The increase in the income tax personal allowance is a "very badly targeted tool", meaning an individual will only start to pay income tax when they earn more than £11,000, but will start to lose tax credits if their combined household earns as little as £3,850.

A single earner with two children working 35 hours will increase their net income by £323 pounds a year under the national living wage, but will lose £1,701 in tax credit cuts, leaving the family £1,378 worse off overall.

Only about one third of those affected by the tax credit cuts would benefit from the increase in the national living wage, even by the time of its full implementation in 2020/21.

The MPs also rejected alterations to national insurance contributions and told Mr Osborne he should "resist the temptation to raid universal credit" to find extra money.

The warning follows reports of a rift between Mr Osborne and Iain Duncan Smith because the Work and Pensions Secretary is resisting proposals to pay for reductions in envisaged cuts to tax credits by making the new universal credit less generous.

They said it was "inevitable" that the Chancellor would have to accept he would not be able to find the £4.4 billion of savings originally planned.

The MPs said: "There is no magic bullet within the tax credit system. One of three things has to give: the impact on poverty, work incentives or the cost.
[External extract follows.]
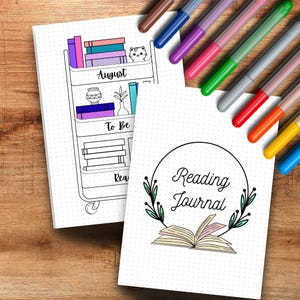 Reading Journal Printable – Book Tracker Pages, Reading Challenge PDF (Dotted) image 12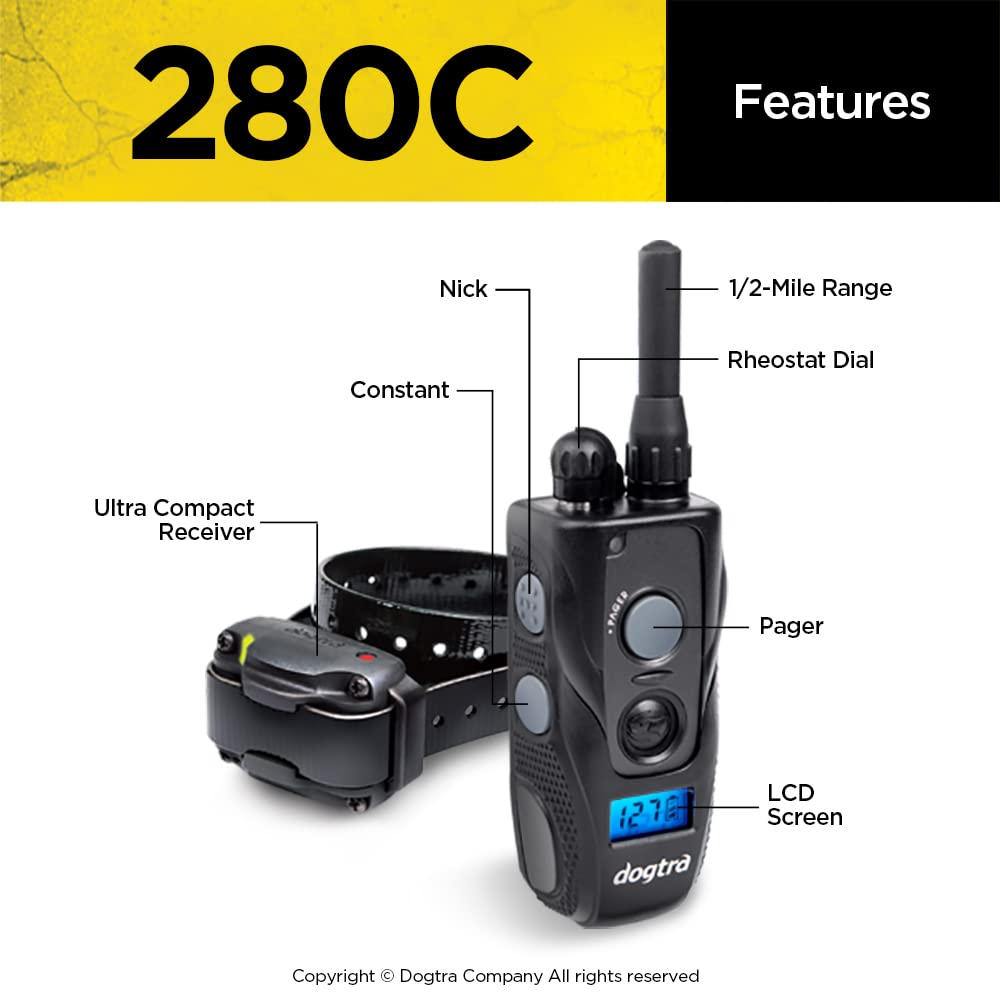 Dogtra 280C Waterproof 127-Level Precise Control LCD Screen 1/2-Mile Remote Training Dog E-Collar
If one accepts both that the proposed cuts to some families are too great and that the limits of damage to incentives to work have been reached with deduction rates of up to 93%, then a reduction in fiscal savings is inevitable."

The MPs said the Government's aims to cut the welfare bill and balance the books would "not be compromised by the phasing in of the tax credit cuts".

They added: "Given the scale of the proposed changes, there is no simple way to mitigate them. We recommend that if, indeed, the effects cannot be satisfactorily mitigated, the Government pause any reforms to tax credits until 2017-18.

"This would allow a broader discussion of the options in their proper context."

The MPs said the Government was "reaching the limits of cuts that can be made to the working-age welfare system, and particularly on those who are strivers".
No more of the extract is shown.